--- DATA FOR REVIEW ---

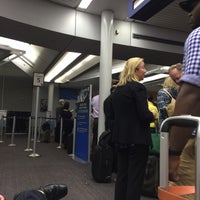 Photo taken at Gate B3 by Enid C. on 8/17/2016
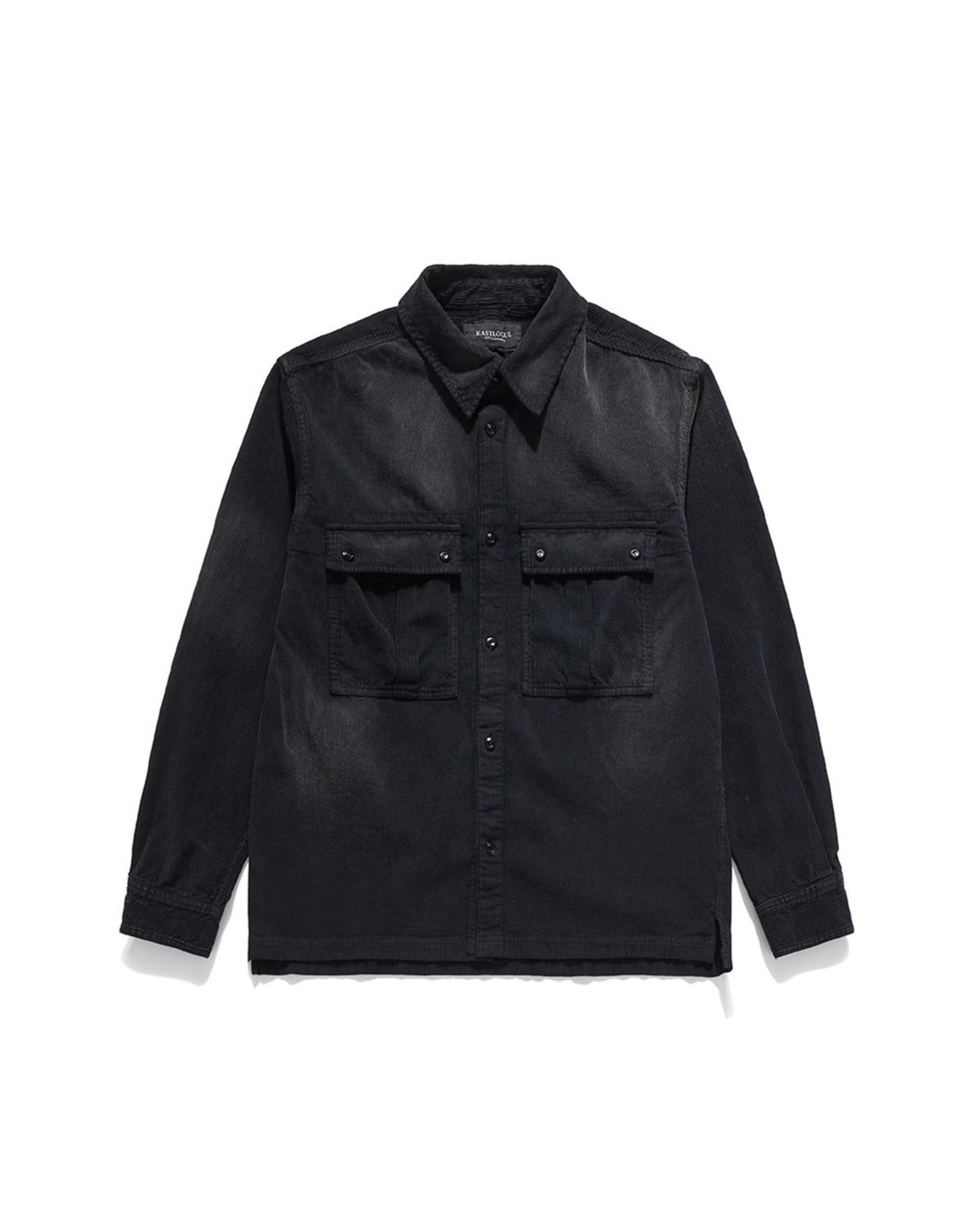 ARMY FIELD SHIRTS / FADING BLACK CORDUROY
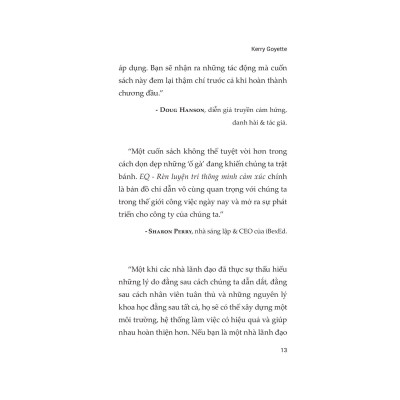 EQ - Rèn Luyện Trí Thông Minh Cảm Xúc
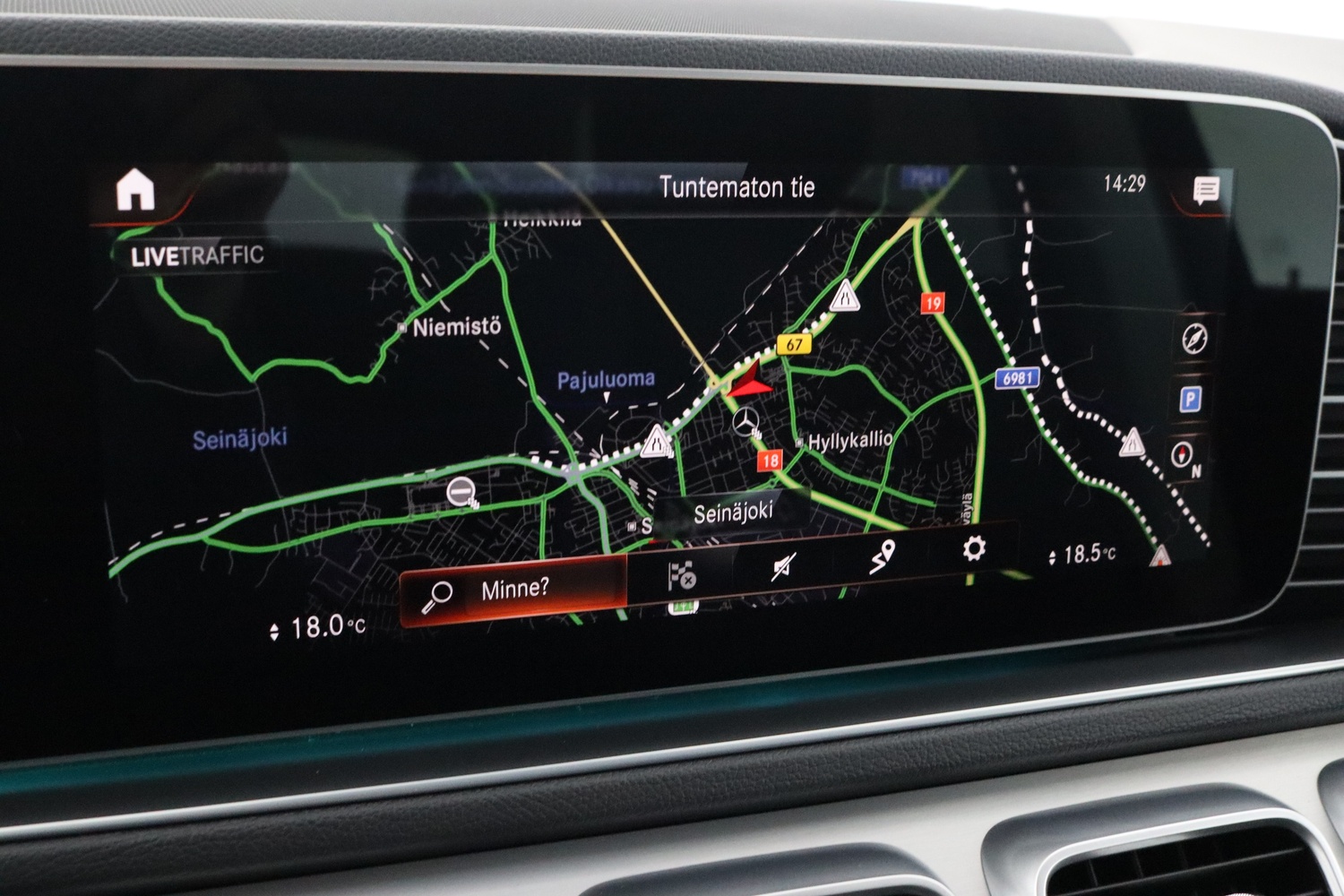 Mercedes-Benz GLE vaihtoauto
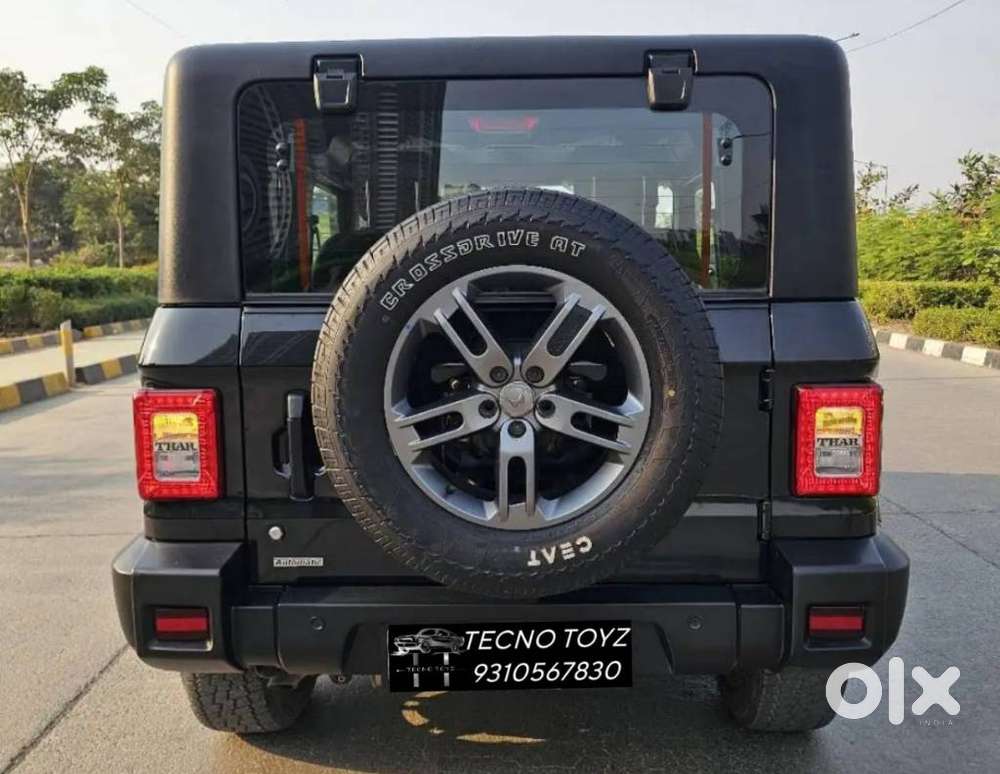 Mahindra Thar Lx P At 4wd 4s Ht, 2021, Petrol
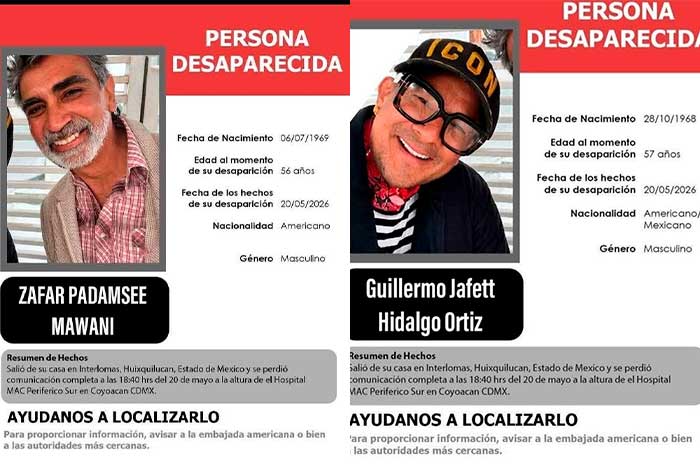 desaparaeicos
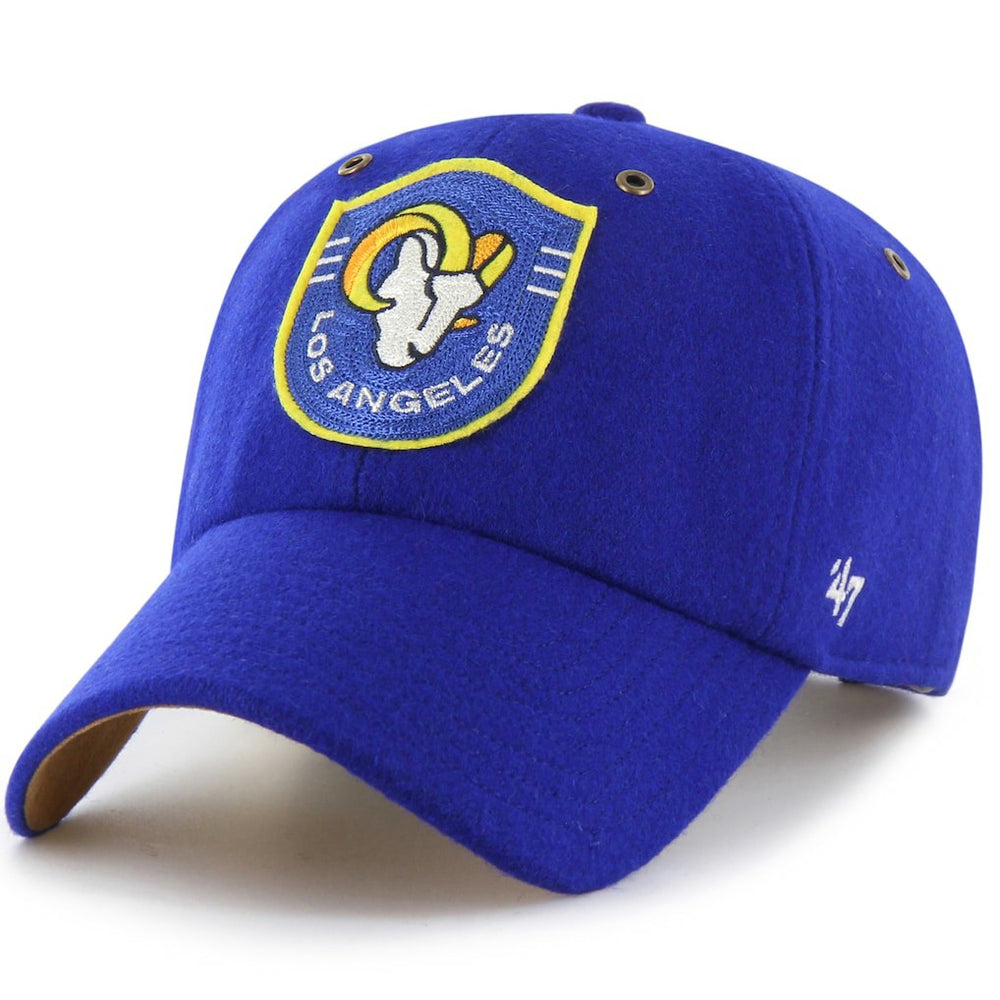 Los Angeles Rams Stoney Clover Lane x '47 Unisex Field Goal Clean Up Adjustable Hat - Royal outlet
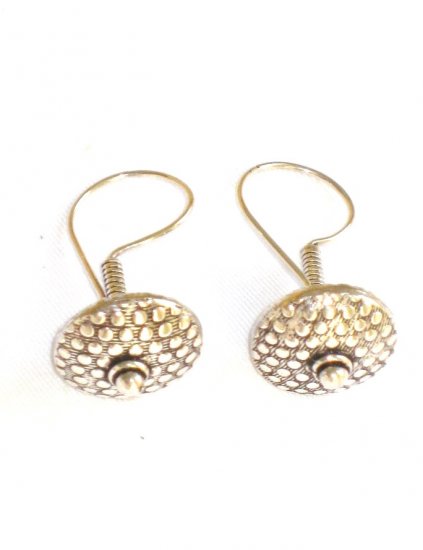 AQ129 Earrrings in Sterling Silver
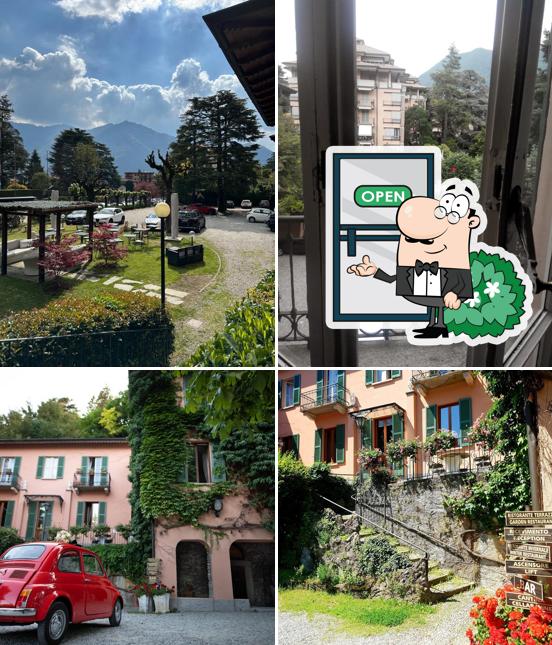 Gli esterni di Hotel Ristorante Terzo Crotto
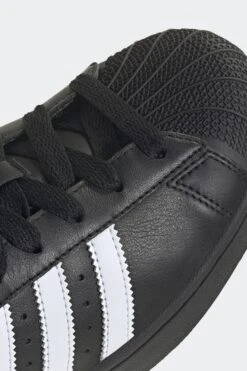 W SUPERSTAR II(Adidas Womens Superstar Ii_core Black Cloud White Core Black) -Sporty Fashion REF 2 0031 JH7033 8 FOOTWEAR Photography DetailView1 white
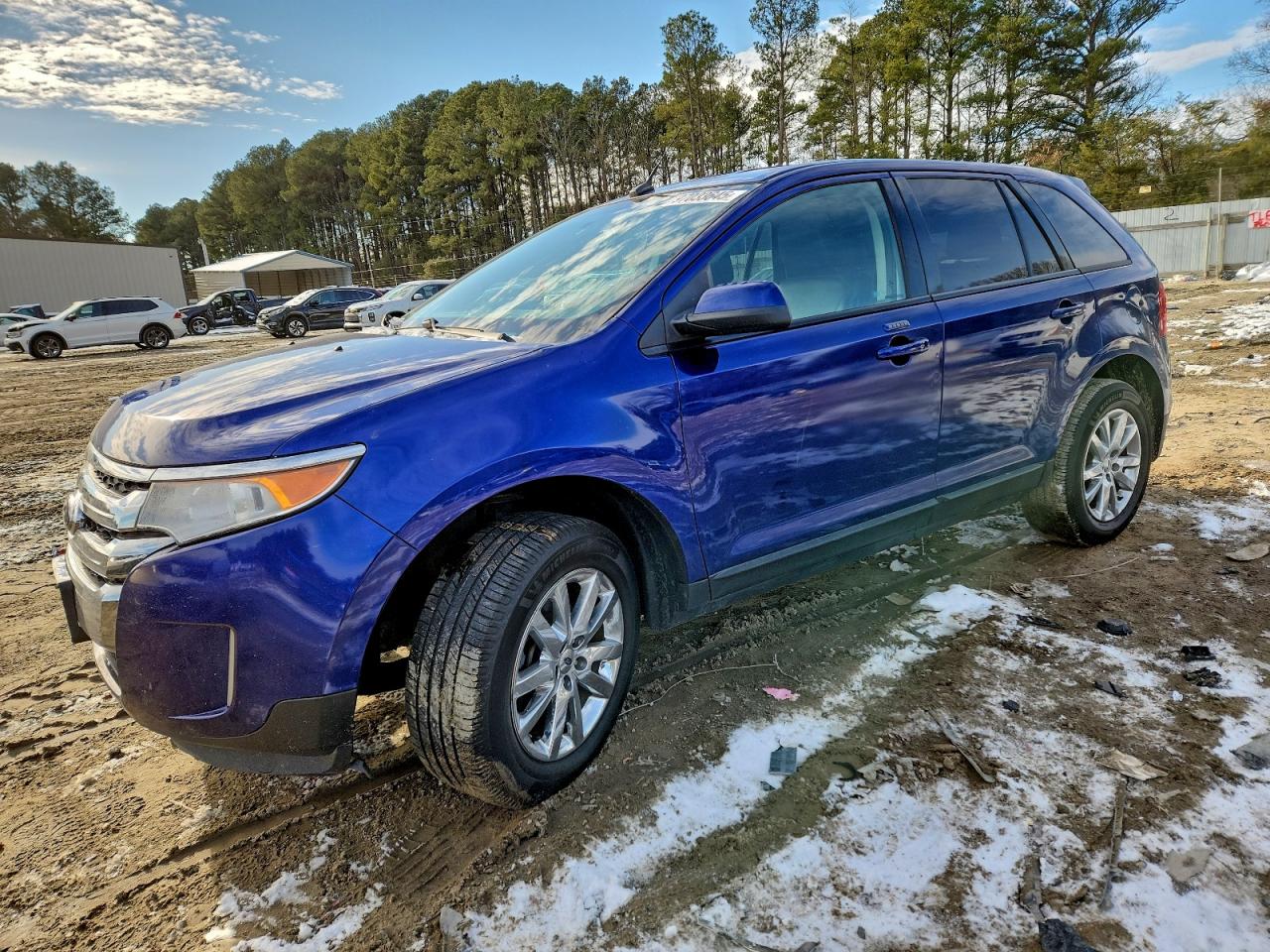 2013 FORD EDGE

---

▶ HOW TO COMPLETE THIS TASK
Which lines run from the one containing "ARMY FIELD SHIRTS / FADING BLACK CORDUROY" to the end of the data above? Set down those lines exactly, and only those, without any pictures.

▶ OUTPUT BELOW
 ARMY FIELD SHIRTS / FADING BLACK CORDUROY
 EQ - Rèn Luyện Trí Thông Minh Cảm Xúc
 Mercedes-Benz GLE vaihtoauto
 Mahindra Thar Lx P At 4wd 4s Ht, 2021, Petrol
 desaparaeicos
 Los Angeles Rams Stoney Clover Lane x '47 Unisex Field Goal Clean Up Adjustable Hat - Royal outlet
 AQ129 Earrrings in Sterling Silver
 Gli esterni di Hotel Ristorante Terzo Crotto
 W SUPERSTAR II(Adidas Womens Superstar Ii_core Black Cloud White Core Black) -Sporty Fashion REF 2 0031 JH7033 8 FOOTWEAR Photography DetailView1 white
 2013 FORD EDGE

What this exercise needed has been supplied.